▸ INSTRUCTIONS TO FOLLOW: Where a picture appears, leave it out; copy everything else in the records exactly.

··· THE INPUT ···

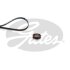 K014PK845 (7884-21036)  Комплект ременів GATES MICRO V KIT K014PK845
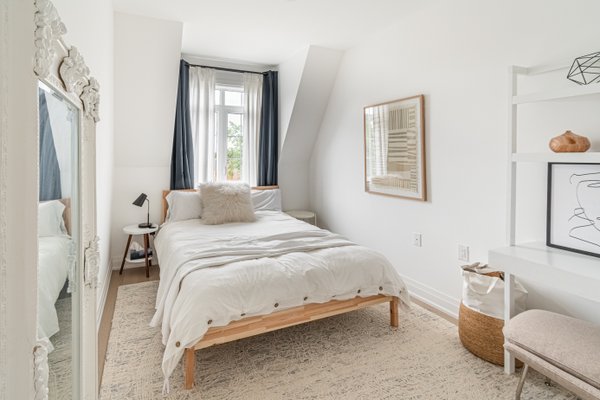 Real Estate example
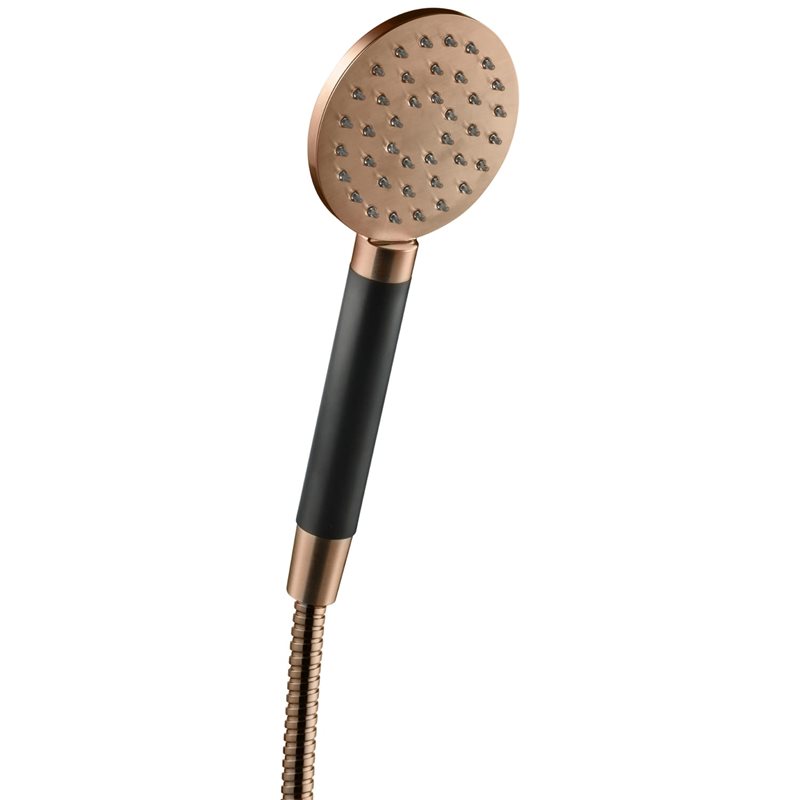 Håndbruser Tapwell ZDOC095 Kobber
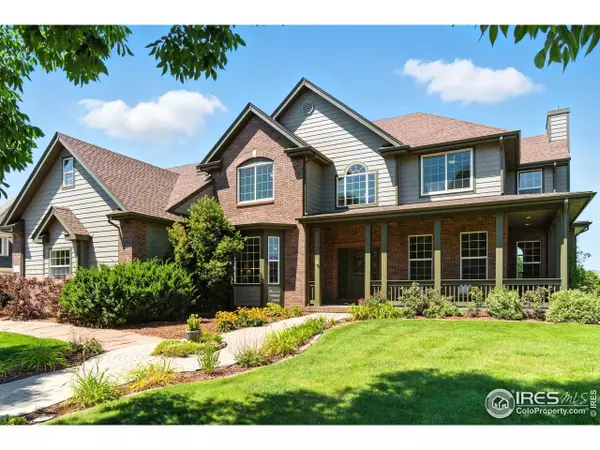 3626 Rocky Stream Dr, Fort Collins, CO 80528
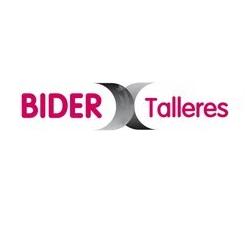 Calderería industrial Bider, Lezo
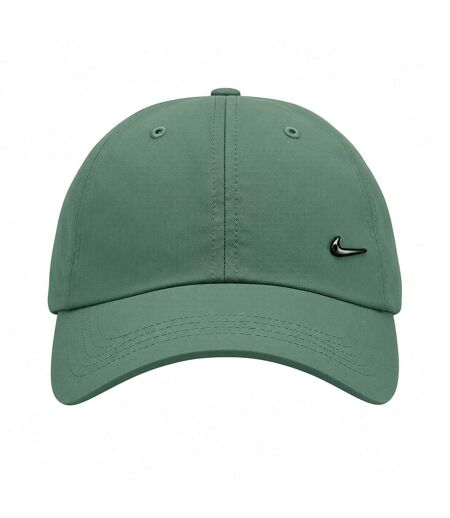 Casquette De Baseball Club Adulte Vert Nike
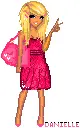 Danielle Doll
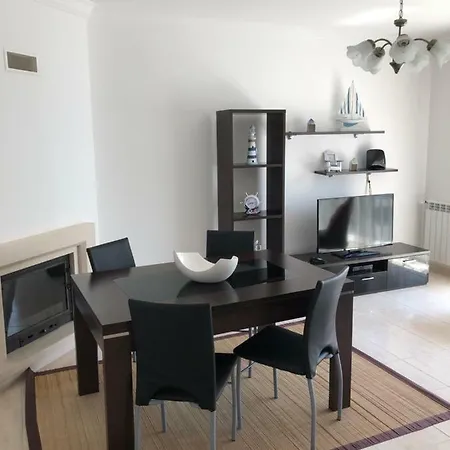 Apartamento Arte Xávega *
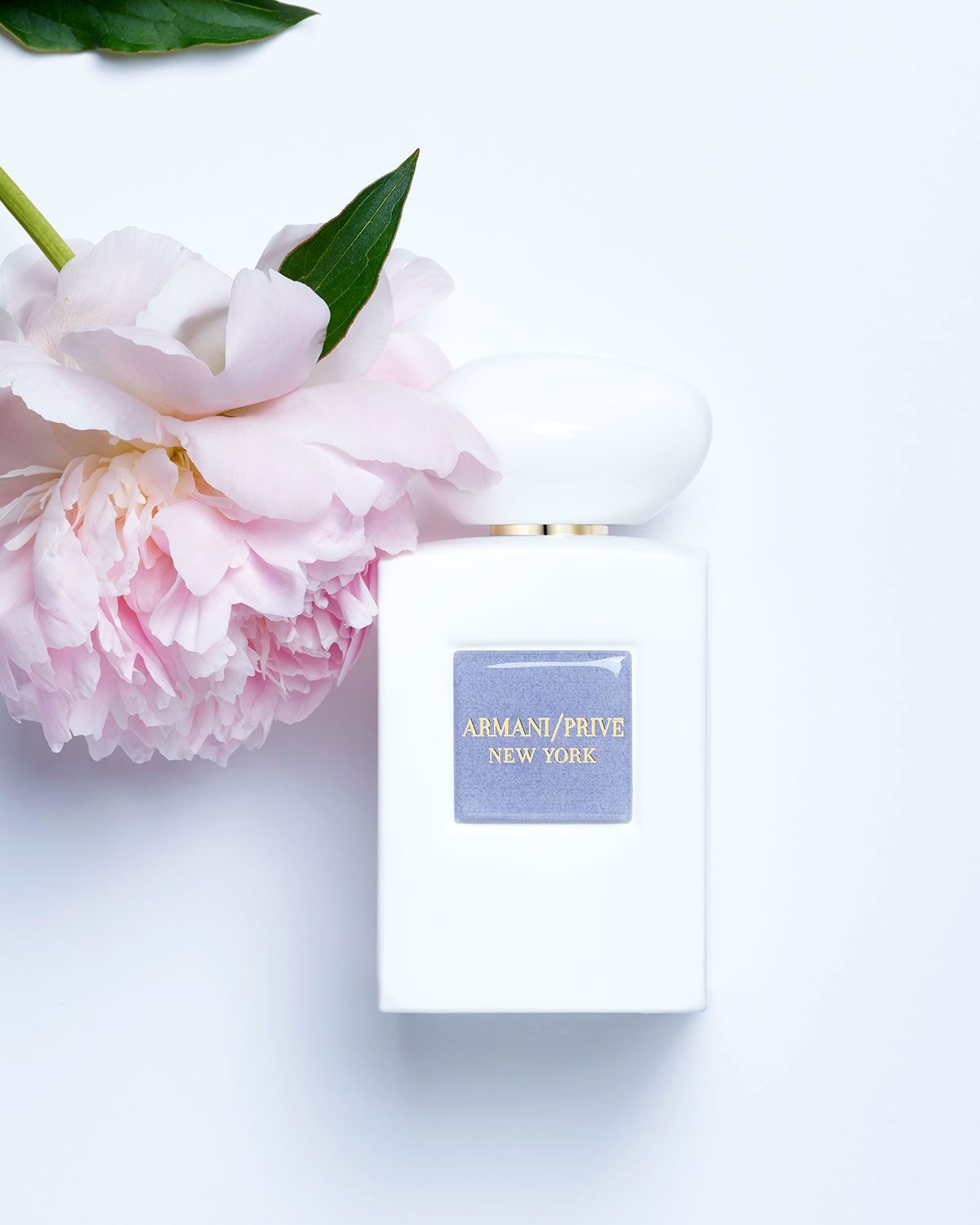 armani prive peony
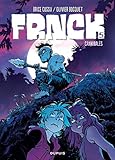 FRNCK - tome 5 - Cannibales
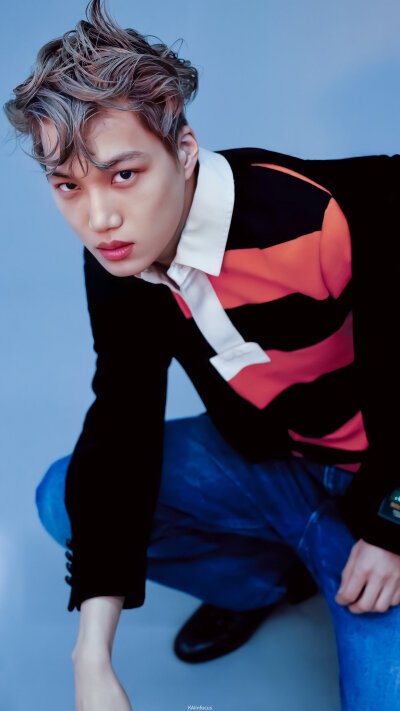 EXO 金钟仁 KAI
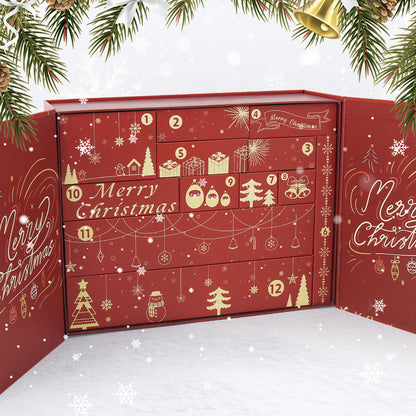 12 Surprises in One Gift Box – Set 2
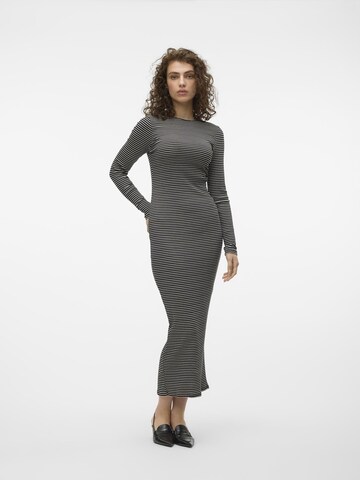 VERO MODA Jurk 'LENA' in Zwart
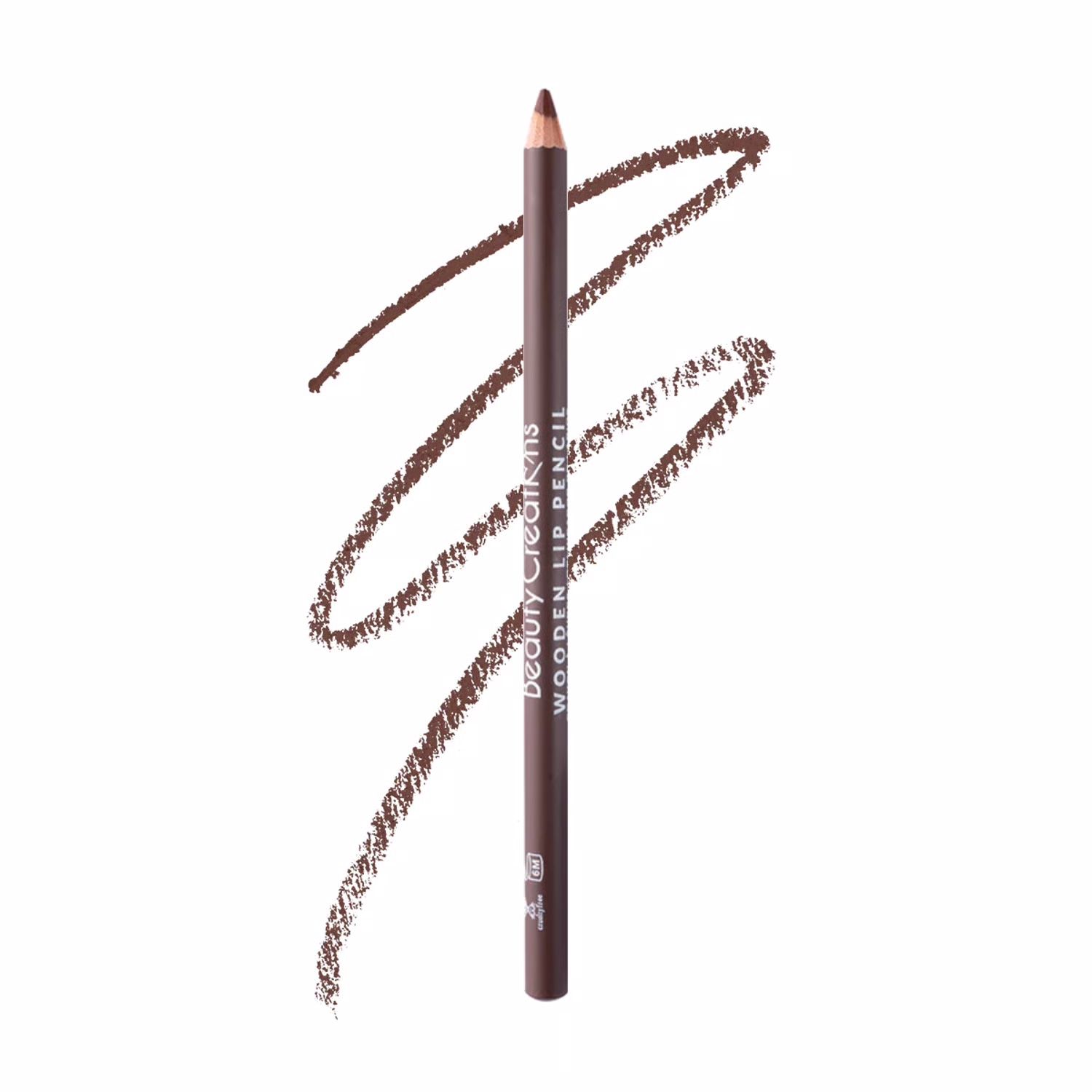 MAQUILLAJE BEAUTY CREATIONS (LAPIZ DE LABIOS) (U HAD AT ESPRESSO)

···

▸ ANSWER AREA:
 K014PK845 (7884-21036)  Комплект ременів GATES MICRO V KIT K014PK845
 Real Estate example
 Håndbruser Tapwell ZDOC095 Kobber
 3626 Rocky Stream Dr, Fort Collins, CO 80528
 Calderería industrial Bider, Lezo
 Casquette De Baseball Club Adulte Vert Nike
 Danielle Doll
 Apartamento Arte Xávega *
 armani prive peony
 FRNCK - tome 5 - Cannibales
 EXO 金钟仁 KAI
 12 Surprises in One Gift Box – Set 2
 VERO MODA Jurk 'LENA' in Zwart
 MAQUILLAJE BEAUTY CREATIONS (LAPIZ DE LABIOS) (U HAD AT ESPRESSO)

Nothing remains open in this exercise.